What you are asked to do. Please reproduce the lines from the one containing "This flashlight comes" through the end of the data below exactly as they stand, and omit all pictures.

Given entries.
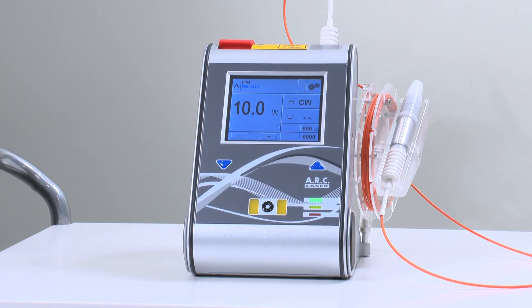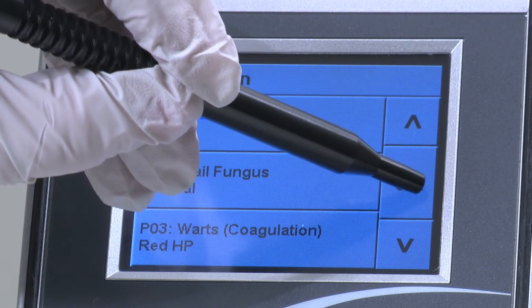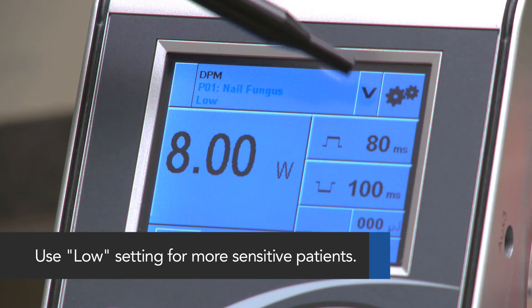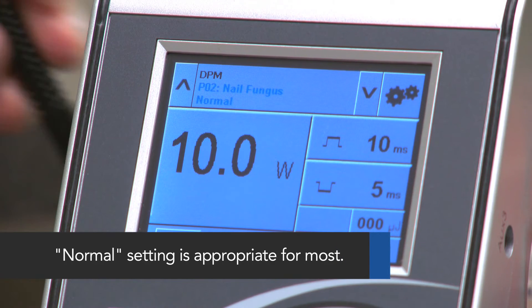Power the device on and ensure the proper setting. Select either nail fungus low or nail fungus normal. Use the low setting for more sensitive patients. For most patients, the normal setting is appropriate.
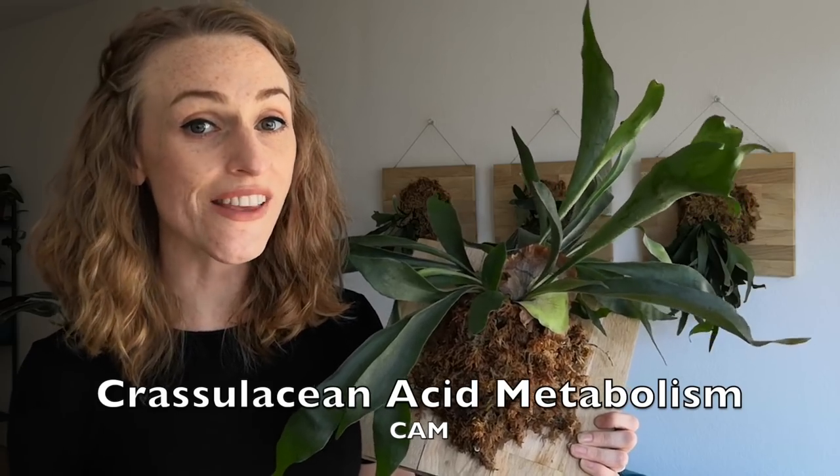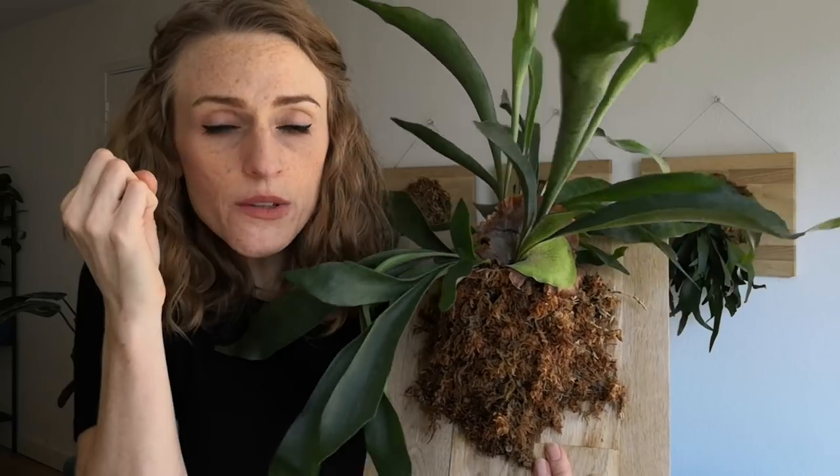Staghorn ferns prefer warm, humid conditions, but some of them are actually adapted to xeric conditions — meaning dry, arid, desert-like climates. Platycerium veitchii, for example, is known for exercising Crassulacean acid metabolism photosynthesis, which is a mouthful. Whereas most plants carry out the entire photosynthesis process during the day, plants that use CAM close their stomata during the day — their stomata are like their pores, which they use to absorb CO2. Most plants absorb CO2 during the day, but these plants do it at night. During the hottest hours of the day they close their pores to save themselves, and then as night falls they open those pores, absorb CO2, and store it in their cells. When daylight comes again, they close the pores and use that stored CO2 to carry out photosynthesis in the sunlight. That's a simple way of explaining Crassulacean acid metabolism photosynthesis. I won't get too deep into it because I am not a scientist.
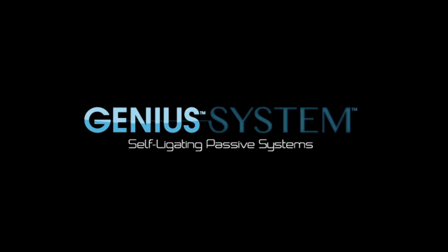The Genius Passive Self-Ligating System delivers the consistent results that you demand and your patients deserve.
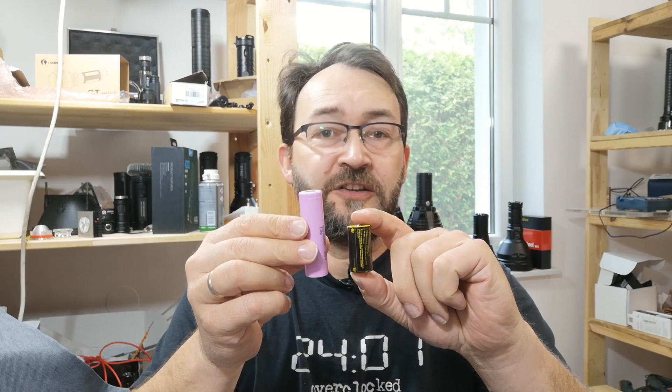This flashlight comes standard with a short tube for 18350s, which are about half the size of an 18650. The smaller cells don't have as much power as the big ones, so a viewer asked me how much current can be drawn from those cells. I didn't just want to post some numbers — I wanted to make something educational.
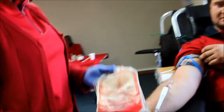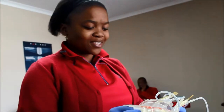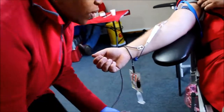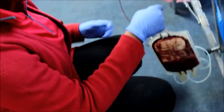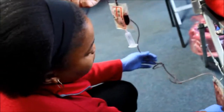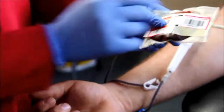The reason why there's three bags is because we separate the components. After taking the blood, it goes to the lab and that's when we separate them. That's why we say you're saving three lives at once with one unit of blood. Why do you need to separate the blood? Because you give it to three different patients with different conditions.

Result.
This flashlight comes standard with a short tube for 18350s, which are about half the size of an 18650. The smaller cells don't have as much power as the big ones, so a viewer asked me how much current can be drawn from those cells. I didn't just want to post some numbers — I wanted to make something educational.
The reason why there's three bags is because we separate the components. After taking the blood, it goes to the lab and that's when we separate them. That's why we say you're saving three lives at once with one unit of blood. Why do you need to separate the blood? Because you give it to three different patients with different conditions.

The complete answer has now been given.